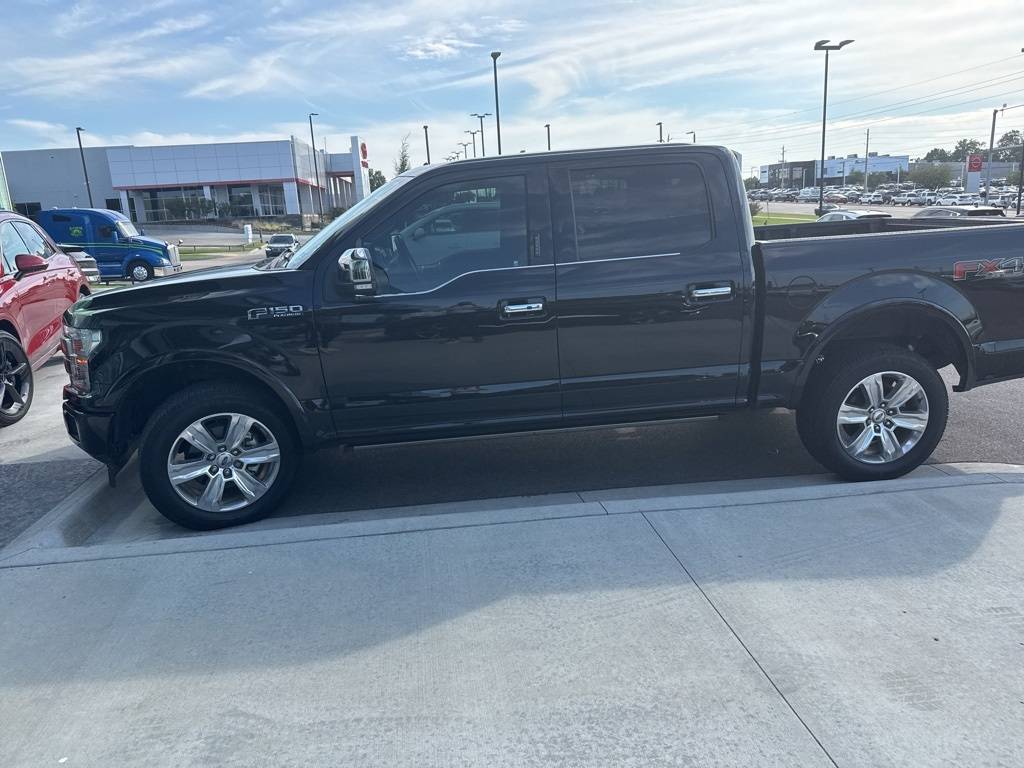 2019 Ford F-150 Platinum — Pickup Truck — 72,501 mi — Tulsa, OK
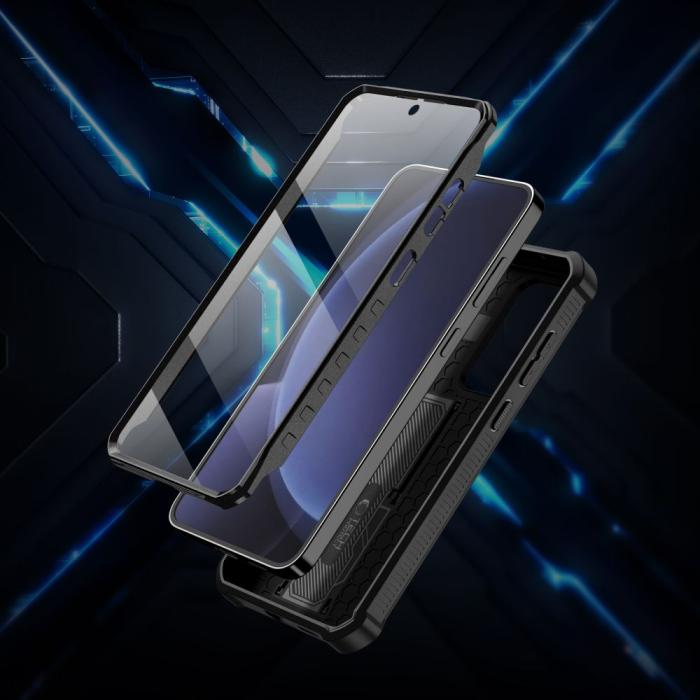 Bild 4, Tech-Protect Galaxy S25 Plus Skal Kevlar Cam+ Svart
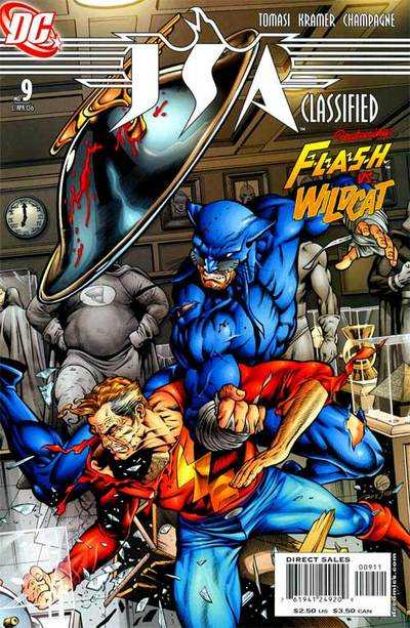 JSA CLASSIFIED (2005) #9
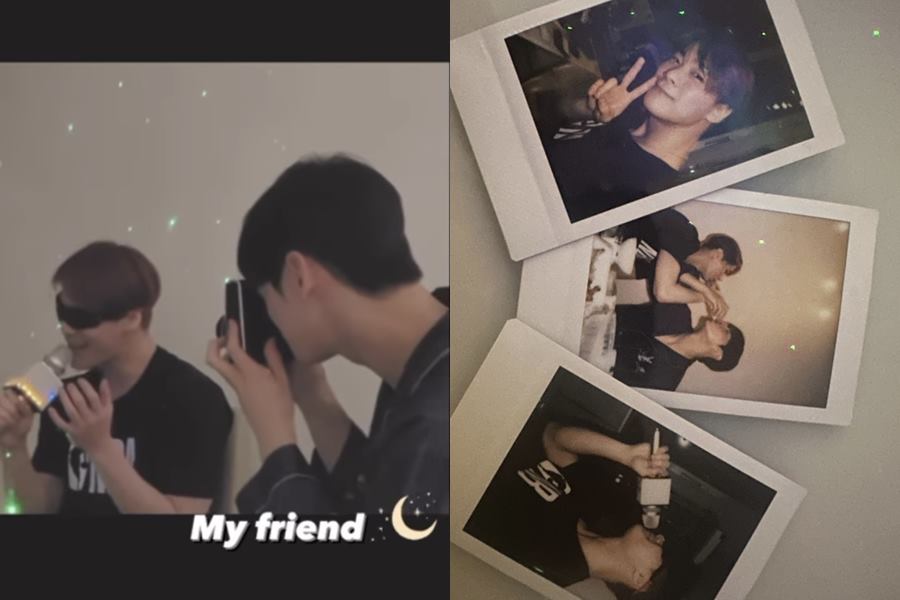 ▲ 출처| 차은우 SNS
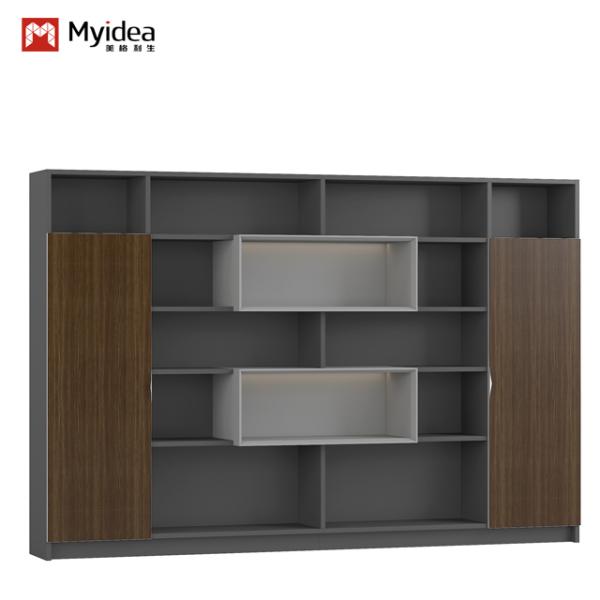 Locker Owner, Luxurious And High-End Furniture, Chairman'S Office Back Cabinet, Modern And Simple Filing Cabinet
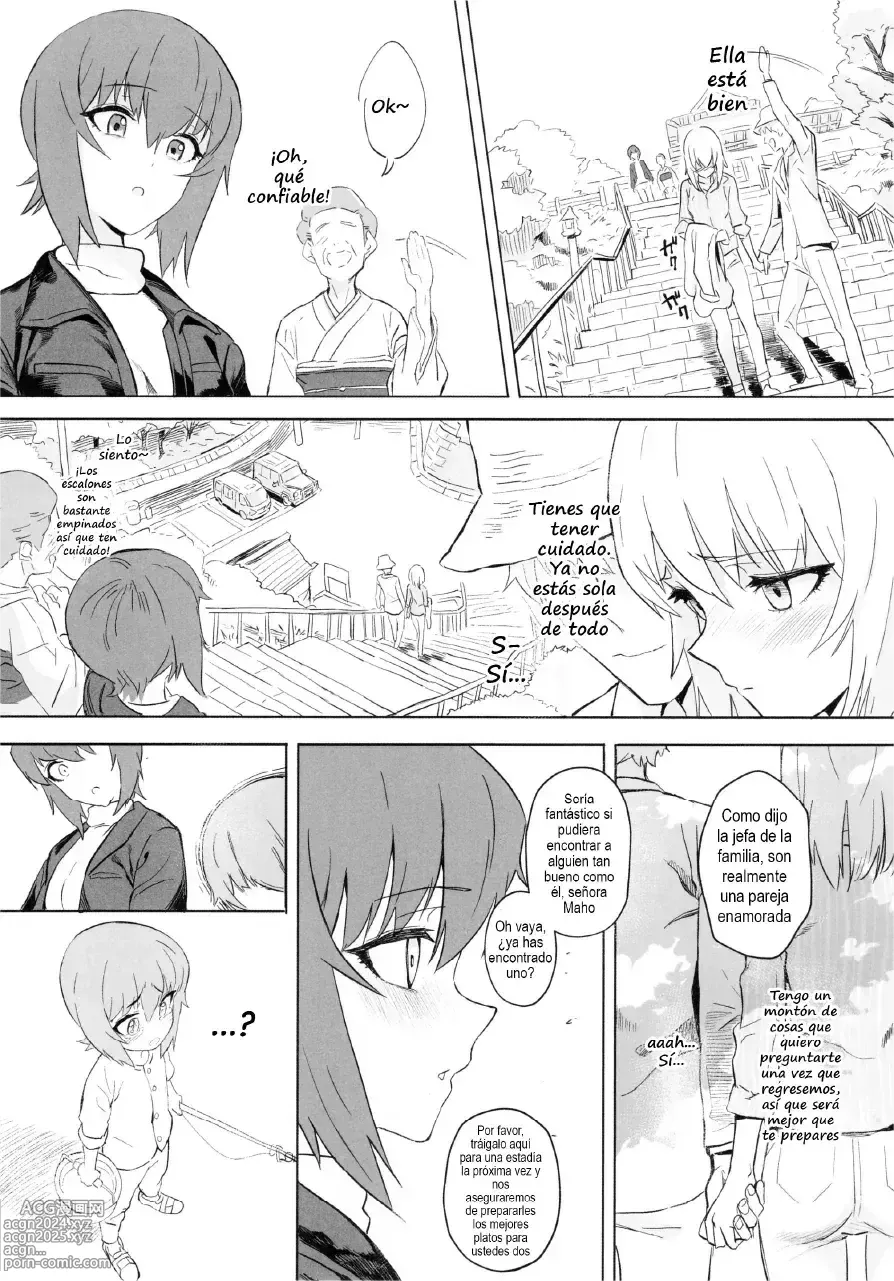 Page 55 of doujinshi ERIKA Vol. 3 (decensored)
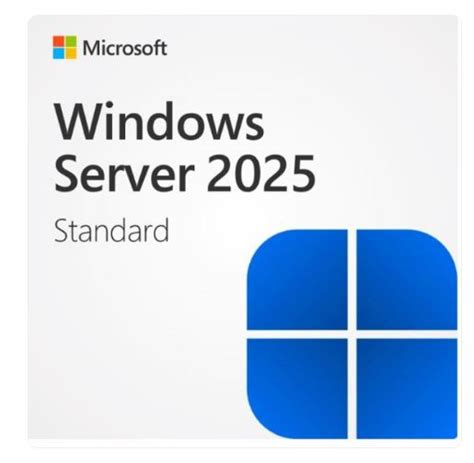 Windows Server 2025 Standard - 16 Core. EP2-25187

**Action item**
Transcribe all of the listing precisely. The images stay out of it.

**Answer to this task**
 2019 Ford F-150 Platinum — Pickup Truck — 72,501 mi — Tulsa, OK
 Bild 4, Tech-Protect Galaxy S25 Plus Skal Kevlar Cam+ Svart
 JSA CLASSIFIED (2005) #9
 ▲ 출처| 차은우 SNS
 Locker Owner, Luxurious And High-End Furniture, Chairman'S Office Back Cabinet, Modern And Simple Filing Cabinet
 Page 55 of doujinshi ERIKA Vol. 3 (decensored)
 Windows Server 2025 Standard - 16 Core. EP2-25187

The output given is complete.